Descripción
Si la ciudad se ha forjado con las alegrías y tragedias de quienes la habitan, si ha sido caja de resonancia donde reverbera el eco de lo humano y su heterogénea historia, adentrarse en la ciudad de la mercancía es encarar una realidad opuesta. A un espacio adocenado corresponde una experiencia anestesiada: el aire de la ciudad ya no nos hace libres. Muy al contrario, la sociedad tecnológica que conecta desde el aislamiento origina desarraigo y disgregación social, o bien una cohesión perversa que se vale de la mercancía a cuyo falso calor nos congregamos. Consecuencia de todo ello es que la tensión, el pálpito y la sensualidad de la vida social pierdan fuerza y se aminore el riesgo del encuentro, el desafío de la mirada directa, el roce del juego en la calle o la carnalidad del abrazo.

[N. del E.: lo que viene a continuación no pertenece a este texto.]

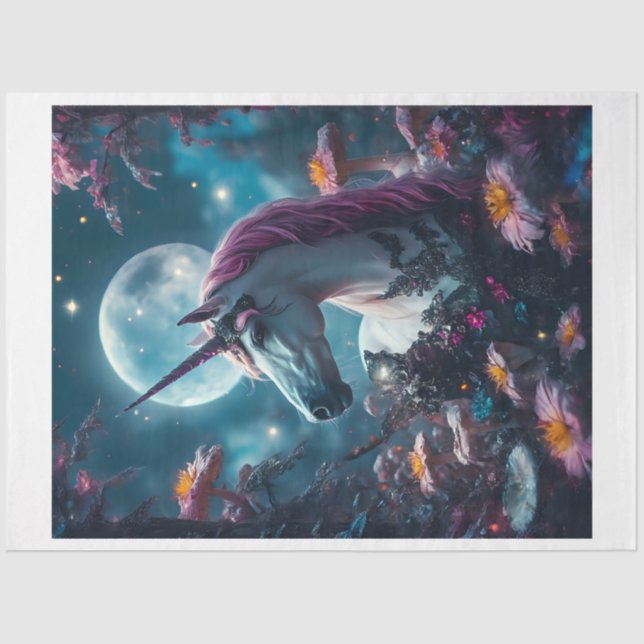 Papier Mousseline Unicorne à fleurs roses (Recto)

Ruinas intangibles del pasado, los lugares de la ciudad acosada que aún resisten milagrosamente la amenaza de la piqueta, diseminados aquí y allá, restos del campo de batalla de una destrucción infligida a sangre y fuego, son ciertas calles y rincones, establecimientos comerciales o bares; campos cultivados en medio del paisaje postindustrial; fragmentos de naturaleza indómita, auténticas islas del tesoro en el océano de cemento; fábricas abandonadas o antiguos almacenes y talleres en desuso. Plenos de soberana inactualidad y afirmativa inutilidad, se cargan de propiedades y significaciones inéditas e insospechadas, entrado en funcionamiento todo un bagaje común al ser humano, que se halla habitualmente amordazado por las exigencias productivas y por el ritmo alienante de la vida cotidiana. Lejos de todo reduccionismo, tales cualidades contribuyen a dilatar la experiencia de lo real al desencadenar el pensamiento analógico, el delirio interpretativo o el desbordamiento poético. A través de estos estados de suspensión es posible adentrarse en lo desconocido y experimentar una expansión del sentido de lo real.